Often, in dealing with outliers, two primary approaches are suggested.

  • Impute the values with mean or median.
  • Drop the records or variables with the outliers.
  • Normalize your data (less often)

None of the above mentioned techniques sounded fit to address the outliers in the dataset I had. Now, here’s a brief about the data.

There’s an ongoing Salary Survey done by askamanager.org.
The main question asked in the form is how much money do you make plus a couple of more details such which industry, age, years of experience etc. The details a collected into a google sheet from which I obtained the data.

Wanted to do some regression modelling to predict the salary given predictors such as years of experience, gender, level of education and other features. After some inspection that’s when I realized the target variable (annual_salary) had so many outliers. I think now you have enough background on the case we’re dealing with, right? cool !

Enough of talking and let’s now get our hands dirty !

Let’s get our tools Loading libraries

library(data.table)

And then the data

I did an article on data cleaning for this data, check it here. As such, I’ll just load the cleaned data so that we get straight to the point.

salarydata <- fread("./data/salary_data_cleaned.csv") 

Data inspection

A histogram or boxplot not only help to show the distribution of the data but also the outliers. let’s pick one of them and see how our target variable is distributed.

boxplot(salarydata$annual_salary)

Well well, hope you now see what I meant by so many outliers, huh? I mean, they’re not two, three, four or even ten so that we impute them with the median value or mean if you like. Remember too that its salary we’re dealing with. Its normal to have submissions with fellows earning way above normal and they can be quite many which is normal :)

Now let’s do some thinking on the options available.

  1. Imputing with median/mean.
    • If we were talking about 3 or 4 values then this can be a compromise, not so with so many values as this will be misinforming the machine learning algorithm. Imagine a bunch of the submissions were guys from industry x, with over ten years of experience and whose earnings are way above normal, well I think it would good to have the machine learn that if someone is from industry x and they have over ten years of experience, you earn more. This may not be the case if we reduce the values to the median/mean.
  2. Dropping the records with outlying values.
    • Sometimes outliers do occur dues to measurement or recording errors and dropping such can work, not so with our data seeing that its most likely not as a result of error. Hence, dropping them doesn’t sound well for this case, also, I think this will lead to loss of information which might be important in the learnings of the machine.
  3. Normalization.
    • My understanding of normalization is that it scales values into a range say 0 - 1, what that essentially means is that the extreme values will still lie in the extremeties of 0.9 whereas the other values doing the 0.000’s. And this doesn’t really address the outlier problem !
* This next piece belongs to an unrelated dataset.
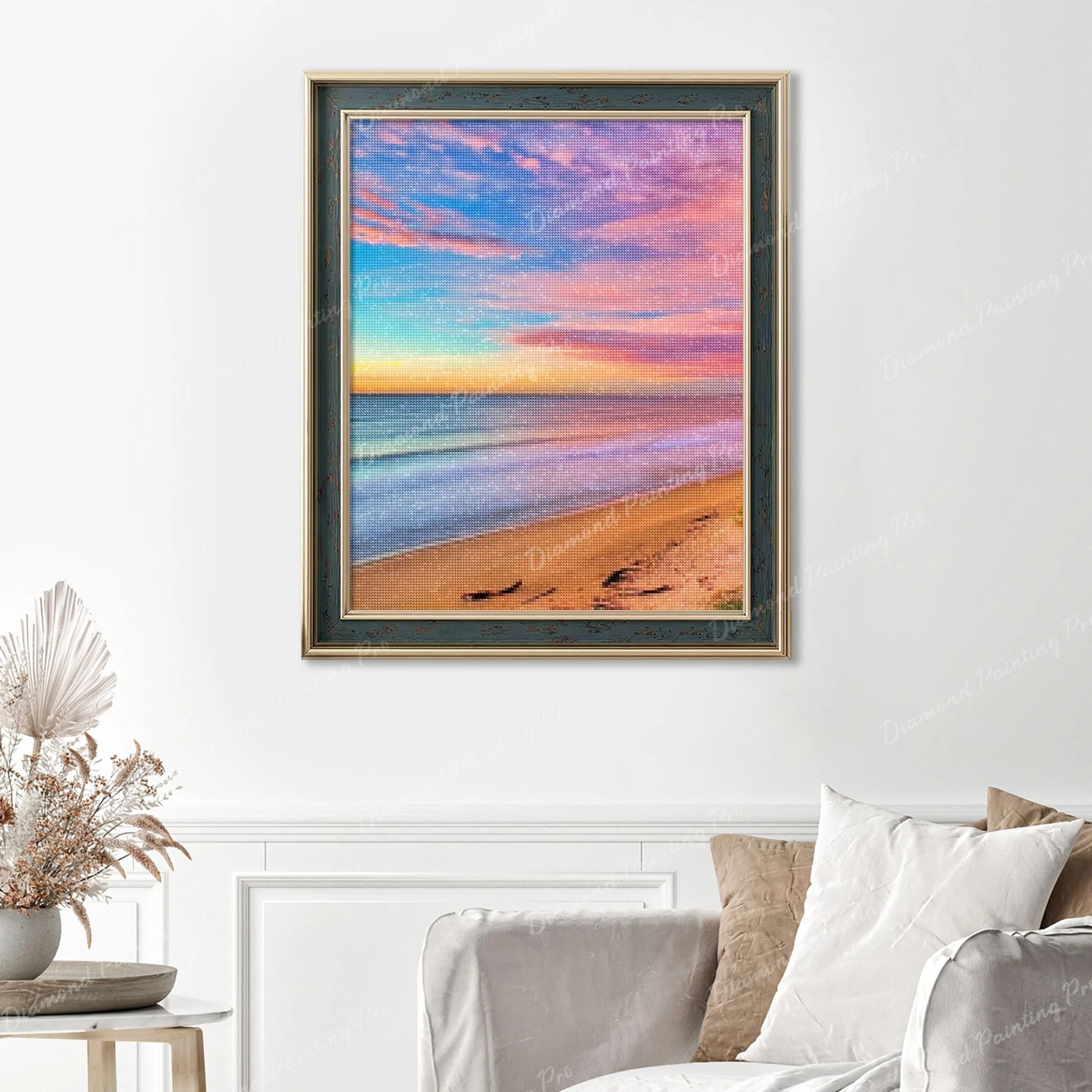 Colorful Beach Sky | Finished Diamond Painting - Image 6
And this is what brings us to the concept of winsorization.
According to wikipedia, the term is defined as the transformation of statistics by limiting extreme values in the statistical data to reduce the effect of possibly spurious outliers, in other words we replace extreme values with less extreme values.

This is how you go about it in R. Luckily there’s a library for that which makes our work even simpler !
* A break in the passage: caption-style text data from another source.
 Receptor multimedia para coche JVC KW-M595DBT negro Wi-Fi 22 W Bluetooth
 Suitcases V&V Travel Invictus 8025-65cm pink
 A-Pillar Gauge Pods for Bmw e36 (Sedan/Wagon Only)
library(DescTools) # want to use the winsorize function  

winsorized.data <- salarydata[,.(winsorized.salary = Winsorize(annual_salary))]

boxplot(winsorized.data$winsorized.salary) 

Wow ! that was magic huh? anyway our data is looking much better, at least we can tell the graph is a boxplot :)
So, essentially what the Winsorize function does is to replace the extreme values with the 95th quantile value of our data. Well, much as its a reduction, its way much better than replacing it with the median/mean. And, our machine will still get the learning that guys from industry x with over ten years of experience do tend to earn more much as the more isn’t to the levels of actual data.

References:

https://cxl.com/blog/outliers/

https://www.r-bloggers.com/2011/06/winsorization/

https://en.wikipedia.org/wiki/Winsorizing